Repeat the entries that follow, exactly as they are written.

*** Opening of Data for review ***

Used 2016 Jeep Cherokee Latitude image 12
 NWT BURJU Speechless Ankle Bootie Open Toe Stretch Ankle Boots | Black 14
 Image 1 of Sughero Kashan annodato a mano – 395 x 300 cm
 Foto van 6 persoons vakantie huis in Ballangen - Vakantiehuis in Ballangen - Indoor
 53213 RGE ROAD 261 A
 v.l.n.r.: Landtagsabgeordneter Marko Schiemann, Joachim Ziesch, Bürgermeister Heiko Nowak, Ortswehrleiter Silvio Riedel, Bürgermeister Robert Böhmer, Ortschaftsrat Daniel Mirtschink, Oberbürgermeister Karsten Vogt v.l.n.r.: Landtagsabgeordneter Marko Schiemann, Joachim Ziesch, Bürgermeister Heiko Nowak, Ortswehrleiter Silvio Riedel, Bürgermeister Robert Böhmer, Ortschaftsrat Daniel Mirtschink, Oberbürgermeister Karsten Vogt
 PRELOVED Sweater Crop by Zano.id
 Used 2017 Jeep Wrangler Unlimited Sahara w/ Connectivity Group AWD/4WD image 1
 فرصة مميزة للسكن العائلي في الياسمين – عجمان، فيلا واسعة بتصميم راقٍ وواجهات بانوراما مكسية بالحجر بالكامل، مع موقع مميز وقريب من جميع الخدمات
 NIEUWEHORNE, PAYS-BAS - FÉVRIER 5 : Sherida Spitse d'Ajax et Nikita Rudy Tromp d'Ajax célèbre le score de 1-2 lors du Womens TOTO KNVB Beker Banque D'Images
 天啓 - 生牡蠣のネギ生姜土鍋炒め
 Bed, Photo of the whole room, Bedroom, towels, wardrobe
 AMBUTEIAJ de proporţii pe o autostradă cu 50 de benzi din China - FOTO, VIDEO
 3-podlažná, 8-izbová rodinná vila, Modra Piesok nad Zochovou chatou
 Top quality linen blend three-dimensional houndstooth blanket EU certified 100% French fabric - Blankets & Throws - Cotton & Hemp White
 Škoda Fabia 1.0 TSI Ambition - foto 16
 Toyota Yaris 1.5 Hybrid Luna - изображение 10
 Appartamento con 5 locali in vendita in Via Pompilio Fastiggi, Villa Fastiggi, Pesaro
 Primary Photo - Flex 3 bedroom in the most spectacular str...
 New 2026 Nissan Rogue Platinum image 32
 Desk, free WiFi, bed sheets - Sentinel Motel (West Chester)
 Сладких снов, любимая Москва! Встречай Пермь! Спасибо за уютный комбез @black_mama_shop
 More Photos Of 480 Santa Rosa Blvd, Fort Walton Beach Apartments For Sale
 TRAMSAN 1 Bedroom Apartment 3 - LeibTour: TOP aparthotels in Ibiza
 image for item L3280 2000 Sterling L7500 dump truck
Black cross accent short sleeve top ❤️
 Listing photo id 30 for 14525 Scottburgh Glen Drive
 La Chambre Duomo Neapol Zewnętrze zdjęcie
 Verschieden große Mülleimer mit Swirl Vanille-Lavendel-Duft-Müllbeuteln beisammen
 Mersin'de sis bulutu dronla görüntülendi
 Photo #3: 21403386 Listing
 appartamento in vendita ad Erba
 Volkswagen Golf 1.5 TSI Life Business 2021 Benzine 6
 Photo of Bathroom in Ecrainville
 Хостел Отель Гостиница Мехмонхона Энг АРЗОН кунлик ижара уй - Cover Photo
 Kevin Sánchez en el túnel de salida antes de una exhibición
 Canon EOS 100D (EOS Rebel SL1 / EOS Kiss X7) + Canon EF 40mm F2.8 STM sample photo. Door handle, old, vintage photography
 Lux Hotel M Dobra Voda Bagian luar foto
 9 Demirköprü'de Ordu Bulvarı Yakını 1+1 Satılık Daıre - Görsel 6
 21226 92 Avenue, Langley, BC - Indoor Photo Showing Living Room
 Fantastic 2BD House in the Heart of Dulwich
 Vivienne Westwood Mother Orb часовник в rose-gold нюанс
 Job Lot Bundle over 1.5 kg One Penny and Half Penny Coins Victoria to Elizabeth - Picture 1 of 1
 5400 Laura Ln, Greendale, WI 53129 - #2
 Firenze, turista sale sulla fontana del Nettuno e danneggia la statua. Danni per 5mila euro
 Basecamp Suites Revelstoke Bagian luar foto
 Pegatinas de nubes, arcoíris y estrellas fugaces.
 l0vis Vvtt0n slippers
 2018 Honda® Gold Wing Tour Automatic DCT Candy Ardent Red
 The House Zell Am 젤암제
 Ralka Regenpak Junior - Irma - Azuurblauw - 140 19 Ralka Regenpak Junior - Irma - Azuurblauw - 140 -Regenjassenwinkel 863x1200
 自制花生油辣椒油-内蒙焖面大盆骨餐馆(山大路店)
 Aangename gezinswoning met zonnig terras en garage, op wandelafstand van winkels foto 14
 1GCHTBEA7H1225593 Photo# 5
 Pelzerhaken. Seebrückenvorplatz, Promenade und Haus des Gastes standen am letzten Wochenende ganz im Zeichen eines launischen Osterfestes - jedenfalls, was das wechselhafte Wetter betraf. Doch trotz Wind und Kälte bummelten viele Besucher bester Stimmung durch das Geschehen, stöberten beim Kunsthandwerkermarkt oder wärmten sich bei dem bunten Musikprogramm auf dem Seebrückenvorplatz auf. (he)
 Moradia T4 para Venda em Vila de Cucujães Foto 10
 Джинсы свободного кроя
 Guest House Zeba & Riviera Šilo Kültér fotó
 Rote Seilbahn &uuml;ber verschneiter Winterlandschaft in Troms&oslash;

*** Close of Data for review ***

* [Exercise response]:
Used 2016 Jeep Cherokee Latitude image 12
 NWT BURJU Speechless Ankle Bootie Open Toe Stretch Ankle Boots | Black 14
 Image 1 of Sughero Kashan annodato a mano – 395 x 300 cm
 Foto van 6 persoons vakantie huis in Ballangen - Vakantiehuis in Ballangen - Indoor
 53213 RGE ROAD 261 A
 v.l.n.r.: Landtagsabgeordneter Marko Schiemann, Joachim Ziesch, Bürgermeister Heiko Nowak, Ortswehrleiter Silvio Riedel, Bürgermeister Robert Böhmer, Ortschaftsrat Daniel Mirtschink, Oberbürgermeister Karsten Vogt v.l.n.r.: Landtagsabgeordneter Marko Schiemann, Joachim Ziesch, Bürgermeister Heiko Nowak, Ortswehrleiter Silvio Riedel, Bürgermeister Robert Böhmer, Ortschaftsrat Daniel Mirtschink, Oberbürgermeister Karsten Vogt
 PRELOVED Sweater Crop by Zano.id
 Used 2017 Jeep Wrangler Unlimited Sahara w/ Connectivity Group AWD/4WD image 1
 فرصة مميزة للسكن العائلي في الياسمين – عجمان، فيلا واسعة بتصميم راقٍ وواجهات بانوراما مكسية بالحجر بالكامل، مع موقع مميز وقريب من جميع الخدمات
 NIEUWEHORNE, PAYS-BAS - FÉVRIER 5 : Sherida Spitse d'Ajax et Nikita Rudy Tromp d'Ajax célèbre le score de 1-2 lors du Womens TOTO KNVB Beker Banque D'Images
 天啓 - 生牡蠣のネギ生姜土鍋炒め
 Bed, Photo of the whole room, Bedroom, towels, wardrobe
 AMBUTEIAJ de proporţii pe o autostradă cu 50 de benzi din China - FOTO, VIDEO
 3-podlažná, 8-izbová rodinná vila, Modra Piesok nad Zochovou chatou
 Top quality linen blend three-dimensional houndstooth blanket EU certified 100% French fabric - Blankets & Throws - Cotton & Hemp White
 Škoda Fabia 1.0 TSI Ambition - foto 16
 Toyota Yaris 1.5 Hybrid Luna - изображение 10
 Appartamento con 5 locali in vendita in Via Pompilio Fastiggi, Villa Fastiggi, Pesaro
 Primary Photo - Flex 3 bedroom in the most spectacular str...
 New 2026 Nissan Rogue Platinum image 32
 Desk, free WiFi, bed sheets - Sentinel Motel (West Chester)
 Сладких снов, любимая Москва! Встречай Пермь! Спасибо за уютный комбез @black_mama_shop
 More Photos Of 480 Santa Rosa Blvd, Fort Walton Beach Apartments For Sale
 TRAMSAN 1 Bedroom Apartment 3 - LeibTour: TOP aparthotels in Ibiza
 image for item L3280 2000 Sterling L7500 dump truck
Black cross accent short sleeve top ❤️
 Listing photo id 30 for 14525 Scottburgh Glen Drive
 La Chambre Duomo Neapol Zewnętrze zdjęcie
 Verschieden große Mülleimer mit Swirl Vanille-Lavendel-Duft-Müllbeuteln beisammen
 Mersin'de sis bulutu dronla görüntülendi
 Photo #3: 21403386 Listing
 appartamento in vendita ad Erba
 Volkswagen Golf 1.5 TSI Life Business 2021 Benzine 6
 Photo of Bathroom in Ecrainville
 Хостел Отель Гостиница Мехмонхона Энг АРЗОН кунлик ижара уй - Cover Photo
 Kevin Sánchez en el túnel de salida antes de una exhibición
 Canon EOS 100D (EOS Rebel SL1 / EOS Kiss X7) + Canon EF 40mm F2.8 STM sample photo. Door handle, old, vintage photography
 Lux Hotel M Dobra Voda Bagian luar foto
 9 Demirköprü'de Ordu Bulvarı Yakını 1+1 Satılık Daıre - Görsel 6
 21226 92 Avenue, Langley, BC - Indoor Photo Showing Living Room
 Fantastic 2BD House in the Heart of Dulwich
 Vivienne Westwood Mother Orb часовник в rose-gold нюанс
 Job Lot Bundle over 1.5 kg One Penny and Half Penny Coins Victoria to Elizabeth - Picture 1 of 1
 5400 Laura Ln, Greendale, WI 53129 - #2
 Firenze, turista sale sulla fontana del Nettuno e danneggia la statua. Danni per 5mila euro
 Basecamp Suites Revelstoke Bagian luar foto
 Pegatinas de nubes, arcoíris y estrellas fugaces.
 l0vis Vvtt0n slippers
 2018 Honda® Gold Wing Tour Automatic DCT Candy Ardent Red
 The House Zell Am 젤암제
 Ralka Regenpak Junior - Irma - Azuurblauw - 140 19 Ralka Regenpak Junior - Irma - Azuurblauw - 140 -Regenjassenwinkel 863x1200
 自制花生油辣椒油-内蒙焖面大盆骨餐馆(山大路店)
 Aangename gezinswoning met zonnig terras en garage, op wandelafstand van winkels foto 14
 1GCHTBEA7H1225593 Photo# 5
 Pelzerhaken. Seebrückenvorplatz, Promenade und Haus des Gastes standen am letzten Wochenende ganz im Zeichen eines launischen Osterfestes - jedenfalls, was das wechselhafte Wetter betraf. Doch trotz Wind und Kälte bummelten viele Besucher bester Stimmung durch das Geschehen, stöberten beim Kunsthandwerkermarkt oder wärmten sich bei dem bunten Musikprogramm auf dem Seebrückenvorplatz auf. (he)
 Moradia T4 para Venda em Vila de Cucujães Foto 10
 Джинсы свободного кроя
 Guest House Zeba & Riviera Šilo Kültér fotó
 Rote Seilbahn &uuml;ber verschneiter Winterlandschaft in Troms&oslash;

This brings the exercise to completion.